Top of RAW DATA

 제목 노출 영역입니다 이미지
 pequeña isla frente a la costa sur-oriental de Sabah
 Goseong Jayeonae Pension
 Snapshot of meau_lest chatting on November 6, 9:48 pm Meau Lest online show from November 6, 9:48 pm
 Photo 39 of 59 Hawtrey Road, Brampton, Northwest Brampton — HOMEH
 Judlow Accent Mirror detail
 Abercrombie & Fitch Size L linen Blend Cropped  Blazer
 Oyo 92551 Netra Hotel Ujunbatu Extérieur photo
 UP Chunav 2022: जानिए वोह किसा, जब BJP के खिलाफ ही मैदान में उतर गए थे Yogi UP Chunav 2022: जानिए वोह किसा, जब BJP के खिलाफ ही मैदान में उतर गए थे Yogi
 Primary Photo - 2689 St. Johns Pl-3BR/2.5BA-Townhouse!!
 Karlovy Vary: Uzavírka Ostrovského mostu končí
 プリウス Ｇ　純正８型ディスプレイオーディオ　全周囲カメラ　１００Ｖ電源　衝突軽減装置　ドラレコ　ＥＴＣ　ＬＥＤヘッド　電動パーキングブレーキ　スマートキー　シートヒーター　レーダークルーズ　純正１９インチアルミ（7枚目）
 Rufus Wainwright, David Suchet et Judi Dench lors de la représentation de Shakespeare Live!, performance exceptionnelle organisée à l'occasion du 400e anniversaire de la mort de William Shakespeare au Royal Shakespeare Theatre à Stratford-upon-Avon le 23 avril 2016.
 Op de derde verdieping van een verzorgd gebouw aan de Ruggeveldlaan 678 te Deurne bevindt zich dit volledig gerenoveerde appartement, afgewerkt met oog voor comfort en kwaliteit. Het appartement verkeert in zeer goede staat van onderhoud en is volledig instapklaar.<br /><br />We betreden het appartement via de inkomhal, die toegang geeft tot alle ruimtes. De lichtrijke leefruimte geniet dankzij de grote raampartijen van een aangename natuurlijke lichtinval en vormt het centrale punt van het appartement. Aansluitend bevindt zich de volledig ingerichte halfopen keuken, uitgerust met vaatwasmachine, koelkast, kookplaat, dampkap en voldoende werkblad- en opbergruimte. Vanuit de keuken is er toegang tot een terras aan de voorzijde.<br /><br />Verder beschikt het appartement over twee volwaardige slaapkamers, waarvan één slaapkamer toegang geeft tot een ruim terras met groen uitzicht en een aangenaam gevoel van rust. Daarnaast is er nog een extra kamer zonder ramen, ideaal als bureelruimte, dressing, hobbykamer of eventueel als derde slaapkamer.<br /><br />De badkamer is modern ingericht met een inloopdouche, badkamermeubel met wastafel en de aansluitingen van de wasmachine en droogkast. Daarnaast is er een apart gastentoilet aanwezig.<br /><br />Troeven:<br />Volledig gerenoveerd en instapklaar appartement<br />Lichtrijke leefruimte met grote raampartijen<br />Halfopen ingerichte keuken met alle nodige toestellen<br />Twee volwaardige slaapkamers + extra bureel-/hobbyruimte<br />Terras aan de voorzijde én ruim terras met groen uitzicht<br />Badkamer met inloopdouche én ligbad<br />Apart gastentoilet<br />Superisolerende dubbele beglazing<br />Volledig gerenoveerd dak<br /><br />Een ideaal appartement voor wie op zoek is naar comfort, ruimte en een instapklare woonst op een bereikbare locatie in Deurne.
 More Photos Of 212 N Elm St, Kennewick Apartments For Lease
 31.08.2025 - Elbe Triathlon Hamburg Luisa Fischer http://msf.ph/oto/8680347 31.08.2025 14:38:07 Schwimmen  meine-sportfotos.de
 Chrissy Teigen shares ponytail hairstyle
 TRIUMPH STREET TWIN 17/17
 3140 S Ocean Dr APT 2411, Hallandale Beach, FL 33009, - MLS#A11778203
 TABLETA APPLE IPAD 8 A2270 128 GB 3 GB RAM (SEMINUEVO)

Bottom of RAW DATA

_TRY IT:_
Quote the data above in full, changing nothing.

_RESULT:_
 제목 노출 영역입니다 이미지
 pequeña isla frente a la costa sur-oriental de Sabah
 Goseong Jayeonae Pension
 Snapshot of meau_lest chatting on November 6, 9:48 pm Meau Lest online show from November 6, 9:48 pm
 Photo 39 of 59 Hawtrey Road, Brampton, Northwest Brampton — HOMEH
 Judlow Accent Mirror detail
 Abercrombie & Fitch Size L linen Blend Cropped  Blazer
 Oyo 92551 Netra Hotel Ujunbatu Extérieur photo
 UP Chunav 2022: जानिए वोह किसा, जब BJP के खिलाफ ही मैदान में उतर गए थे Yogi UP Chunav 2022: जानिए वोह किसा, जब BJP के खिलाफ ही मैदान में उतर गए थे Yogi
 Primary Photo - 2689 St. Johns Pl-3BR/2.5BA-Townhouse!!
 Karlovy Vary: Uzavírka Ostrovského mostu končí
 プリウス Ｇ　純正８型ディスプレイオーディオ　全周囲カメラ　１００Ｖ電源　衝突軽減装置　ドラレコ　ＥＴＣ　ＬＥＤヘッド　電動パーキングブレーキ　スマートキー　シートヒーター　レーダークルーズ　純正１９インチアルミ（7枚目）
 Rufus Wainwright, David Suchet et Judi Dench lors de la représentation de Shakespeare Live!, performance exceptionnelle organisée à l'occasion du 400e anniversaire de la mort de William Shakespeare au Royal Shakespeare Theatre à Stratford-upon-Avon le 23 avril 2016.
 Op de derde verdieping van een verzorgd gebouw aan de Ruggeveldlaan 678 te Deurne bevindt zich dit volledig gerenoveerde appartement, afgewerkt met oog voor comfort en kwaliteit. Het appartement verkeert in zeer goede staat van onderhoud en is volledig instapklaar.<br /><br />We betreden het appartement via de inkomhal, die toegang geeft tot alle ruimtes. De lichtrijke leefruimte geniet dankzij de grote raampartijen van een aangename natuurlijke lichtinval en vormt het centrale punt van het appartement. Aansluitend bevindt zich de volledig ingerichte halfopen keuken, uitgerust met vaatwasmachine, koelkast, kookplaat, dampkap en voldoende werkblad- en opbergruimte. Vanuit de keuken is er toegang tot een terras aan de voorzijde.<br /><br />Verder beschikt het appartement over twee volwaardige slaapkamers, waarvan één slaapkamer toegang geeft tot een ruim terras met groen uitzicht en een aangenaam gevoel van rust. Daarnaast is er nog een extra kamer zonder ramen, ideaal als bureelruimte, dressing, hobbykamer of eventueel als derde slaapkamer.<br /><br />De badkamer is modern ingericht met een inloopdouche, badkamermeubel met wastafel en de aansluitingen van de wasmachine en droogkast. Daarnaast is er een apart gastentoilet aanwezig.<br /><br />Troeven:<br />Volledig gerenoveerd en instapklaar appartement<br />Lichtrijke leefruimte met grote raampartijen<br />Halfopen ingerichte keuken met alle nodige toestellen<br />Twee volwaardige slaapkamers + extra bureel-/hobbyruimte<br />Terras aan de voorzijde én ruim terras met groen uitzicht<br />Badkamer met inloopdouche én ligbad<br />Apart gastentoilet<br />Superisolerende dubbele beglazing<br />Volledig gerenoveerd dak<br /><br />Een ideaal appartement voor wie op zoek is naar comfort, ruimte en een instapklare woonst op een bereikbare locatie in Deurne.
 More Photos Of 212 N Elm St, Kennewick Apartments For Lease
 31.08.2025 - Elbe Triathlon Hamburg Luisa Fischer http://msf.ph/oto/8680347 31.08.2025 14:38:07 Schwimmen  meine-sportfotos.de
 Chrissy Teigen shares ponytail hairstyle
 TRIUMPH STREET TWIN 17/17
 3140 S Ocean Dr APT 2411, Hallandale Beach, FL 33009, - MLS#A11778203
 TABLETA APPLE IPAD 8 A2270 128 GB 3 GB RAM (SEMINUEVO)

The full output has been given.